### TASK GOAL
Give back exactly the lines of the material below that start at the line containing "Bocchetta aria cruscotto" and end at the line containing "Image of Vans Kids' Ward Sneaker", and no others.

### DATA SHOWN

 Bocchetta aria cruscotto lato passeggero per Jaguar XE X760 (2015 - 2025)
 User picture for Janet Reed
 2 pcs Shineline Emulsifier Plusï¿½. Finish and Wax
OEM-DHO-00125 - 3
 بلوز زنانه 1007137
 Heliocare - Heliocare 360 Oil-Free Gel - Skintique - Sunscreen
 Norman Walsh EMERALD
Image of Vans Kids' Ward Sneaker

==

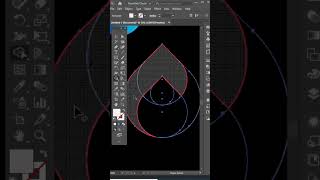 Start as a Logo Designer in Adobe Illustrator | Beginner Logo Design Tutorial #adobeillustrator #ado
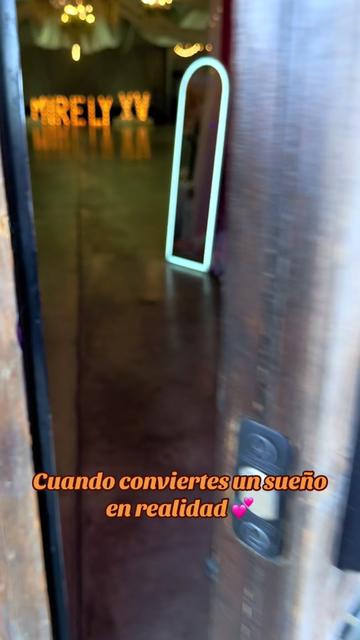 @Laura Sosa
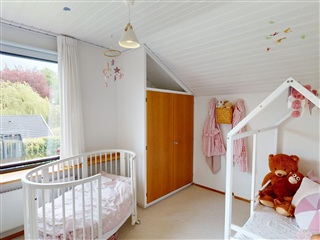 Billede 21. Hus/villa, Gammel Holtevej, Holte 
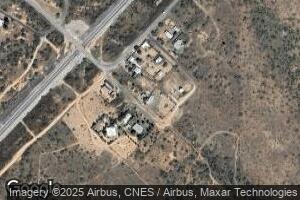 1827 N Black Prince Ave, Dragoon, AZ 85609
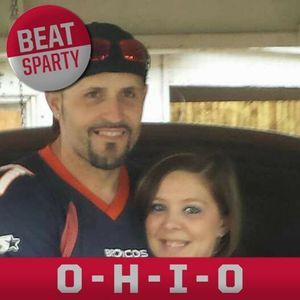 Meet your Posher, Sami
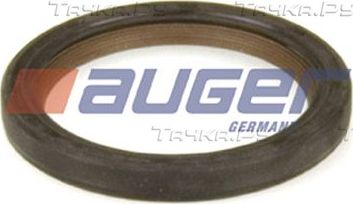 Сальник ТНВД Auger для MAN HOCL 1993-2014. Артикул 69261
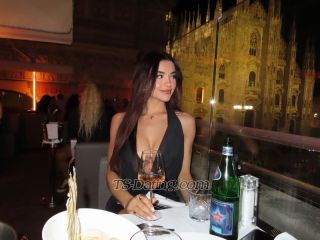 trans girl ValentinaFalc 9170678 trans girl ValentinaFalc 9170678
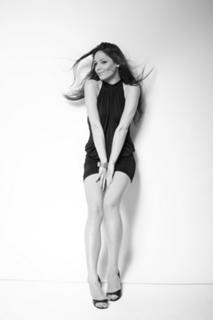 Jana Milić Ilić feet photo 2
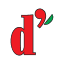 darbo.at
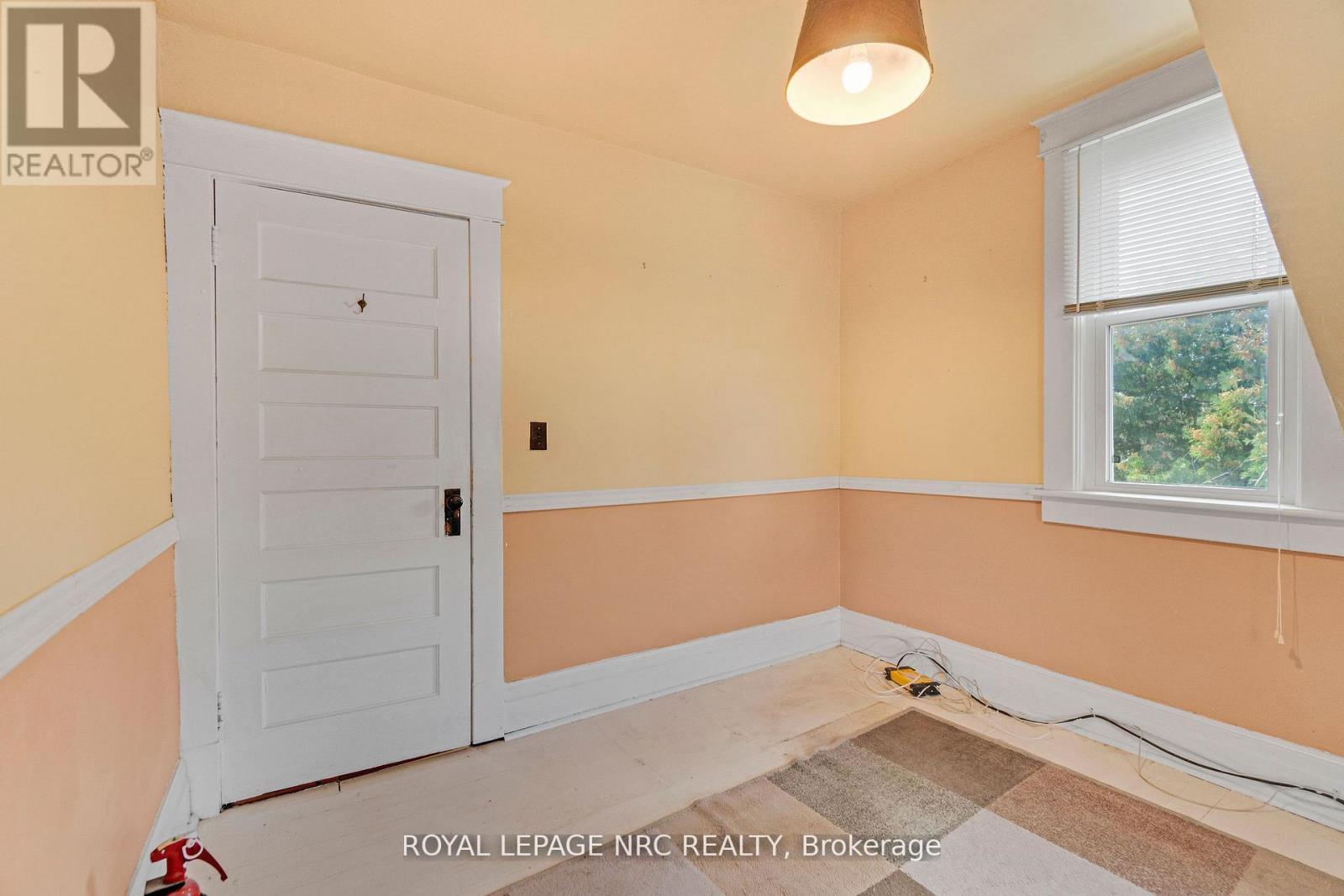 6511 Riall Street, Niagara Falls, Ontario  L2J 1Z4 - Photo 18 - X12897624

### EXPECTED ANSWER
 Bocchetta aria cruscotto lato passeggero per Jaguar XE X760 (2015 - 2025)
 User picture for Janet Reed
 2 pcs Shineline Emulsifier Plusï¿½. Finish and Wax
OEM-DHO-00125 - 3
 بلوز زنانه 1007137
 Heliocare - Heliocare 360 Oil-Free Gel - Skintique - Sunscreen
 Norman Walsh EMERALD
Image of Vans Kids' Ward Sneaker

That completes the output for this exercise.